A team from Imperial College London has taken inspiration from the diving ability of gannets for their prototype AquaMAV robot. The AquaMAV is designed to collect water samples in oceans and reservoirs. To leap back out of the water, flying fish are the inspiration.
Environmental researchers generally have to use boats to collect water samples manually. AquaMAV is designed to be rapid, efficient, and more cost effective than this method. It can also carry out tests in dangerous situations such as in disaster zones or from locations currently inaccessible to people, such as deep under the ocean.
One of the current drawbacks for small scale flying robots is that they generally lack sufficient power to make the transition from water to the air. The AquaMAV uses carbon dioxide, which is stored internally, to propel itself out of the water. In the air, retractable wings are deployed to help it glide, much in the same way that fins help flying fish.

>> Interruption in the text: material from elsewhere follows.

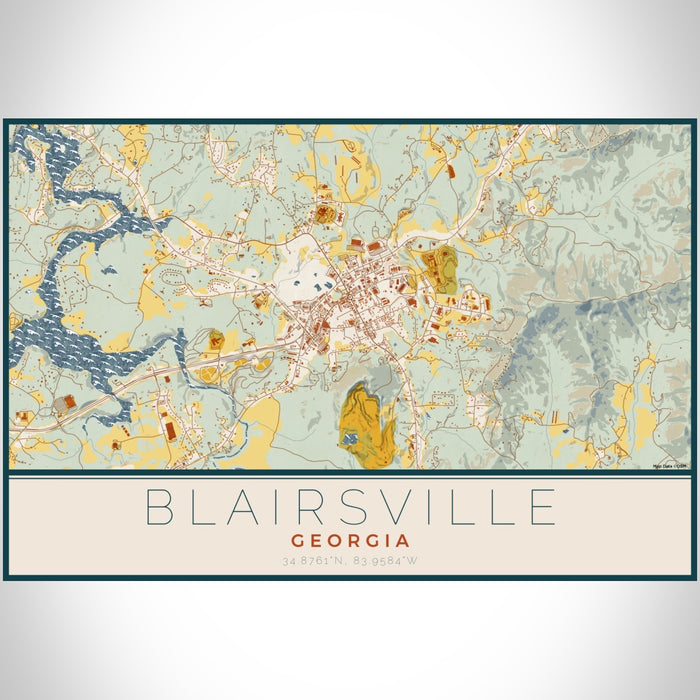 Blairsville Georgia Map Print Landscape Orientation in Woodblock Style With Shaded Background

The drone weighs just 200 grams and can currently achieve speeds of around 30 miles per hour from a starting point beneath the water. It can make the aerial leap even from rough water.
The research, part funded by the Engineering & Physical Sciences Research Council, is published in the journal Interface Focus1.
Rob Siddall, lead author and postgraduate from Imperial’s Department of Aeronautics, added: “We are really excited by our AquaMAV prototype. We believe we may have overcome the power density problem which makes launching out of the water so challenging for small drones. Nature often has an elegant way of solving engineering challenges. By examining the diving qualities of gannets and the leaping behaviour of flying fish, we can make an aerial drone that needs less on board control, making it more robust and more affordable to manufacture.”
Dr Mirko Kovac, the director of the Aerial Robotics Lab in Imperial’s Department of Aeronautics, said: “During an emergency scenario such as a major oil leak an AquaMav could fly and dive into isolated patch of water, where it could collect samples or loiter and record environmental data. The vehicle could then perform a short take-off and return to its launch site to submit samples for analysis. This would enable a fast, targeted response that could not be matched by the current methods.”
The researchers are now looking to collaborate with oceanographers and water authorities to take testing to the next stage. An additional propulsion system is also under development to make the AquaMAV fully aquatic, capable of long periods of submarine operation.
1. Wind and water tunnel testing of a morphing aquatic micro air vehicle, Royal Society Interface Focus.